What you need to do =>
Print the lines below exactly, beginning with the one that contains "13605 NW Hogan" and stopping after the last line.

[Extracted records]
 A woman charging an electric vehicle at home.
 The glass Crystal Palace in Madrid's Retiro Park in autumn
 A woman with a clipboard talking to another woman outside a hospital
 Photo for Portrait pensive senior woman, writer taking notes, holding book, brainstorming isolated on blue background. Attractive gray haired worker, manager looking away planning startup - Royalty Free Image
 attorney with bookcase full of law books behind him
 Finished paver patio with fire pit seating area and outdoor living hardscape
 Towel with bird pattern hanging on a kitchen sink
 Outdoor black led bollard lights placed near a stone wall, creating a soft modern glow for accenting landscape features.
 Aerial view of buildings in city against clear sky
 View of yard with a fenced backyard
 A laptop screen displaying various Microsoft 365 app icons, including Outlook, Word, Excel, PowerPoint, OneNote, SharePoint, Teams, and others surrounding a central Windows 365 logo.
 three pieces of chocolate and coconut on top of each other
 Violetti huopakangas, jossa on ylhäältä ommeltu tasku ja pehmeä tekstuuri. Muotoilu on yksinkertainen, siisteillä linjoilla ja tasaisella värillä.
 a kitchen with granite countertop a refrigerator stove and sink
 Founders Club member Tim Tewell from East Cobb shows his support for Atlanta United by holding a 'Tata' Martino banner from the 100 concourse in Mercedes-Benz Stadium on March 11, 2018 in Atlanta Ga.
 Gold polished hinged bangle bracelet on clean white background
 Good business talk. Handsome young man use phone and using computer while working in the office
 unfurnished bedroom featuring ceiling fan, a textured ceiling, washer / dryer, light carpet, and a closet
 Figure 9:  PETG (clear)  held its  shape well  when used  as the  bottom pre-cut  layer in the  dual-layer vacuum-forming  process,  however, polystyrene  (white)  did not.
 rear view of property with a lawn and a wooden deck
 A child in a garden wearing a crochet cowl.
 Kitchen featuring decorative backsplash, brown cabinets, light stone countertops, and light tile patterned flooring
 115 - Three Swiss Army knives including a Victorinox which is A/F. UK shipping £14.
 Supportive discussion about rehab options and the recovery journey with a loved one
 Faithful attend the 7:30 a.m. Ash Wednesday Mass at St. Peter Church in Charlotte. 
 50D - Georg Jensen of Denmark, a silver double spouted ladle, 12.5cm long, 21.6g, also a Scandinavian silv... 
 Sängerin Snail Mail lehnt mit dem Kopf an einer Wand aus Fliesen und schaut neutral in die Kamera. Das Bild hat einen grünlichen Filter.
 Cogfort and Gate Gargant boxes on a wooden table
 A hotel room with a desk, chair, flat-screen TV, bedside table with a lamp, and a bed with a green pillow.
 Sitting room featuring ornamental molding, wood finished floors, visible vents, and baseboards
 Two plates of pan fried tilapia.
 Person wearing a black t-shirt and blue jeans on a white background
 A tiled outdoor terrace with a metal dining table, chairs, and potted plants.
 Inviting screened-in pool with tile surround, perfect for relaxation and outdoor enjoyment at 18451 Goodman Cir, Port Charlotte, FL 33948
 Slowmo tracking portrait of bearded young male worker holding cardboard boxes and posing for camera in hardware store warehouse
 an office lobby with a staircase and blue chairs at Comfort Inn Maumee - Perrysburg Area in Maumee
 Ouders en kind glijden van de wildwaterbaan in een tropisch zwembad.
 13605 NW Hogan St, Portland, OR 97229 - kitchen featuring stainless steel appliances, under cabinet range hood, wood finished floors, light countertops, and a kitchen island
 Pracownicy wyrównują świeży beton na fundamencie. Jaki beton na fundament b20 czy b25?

Answer to the exercise =>
 13605 NW Hogan St, Portland, OR 97229 - kitchen featuring stainless steel appliances, under cabinet range hood, wood finished floors, light countertops, and a kitchen island
 Pracownicy wyrównują świeży beton na fundamencie. Jaki beton na fundament b20 czy b25?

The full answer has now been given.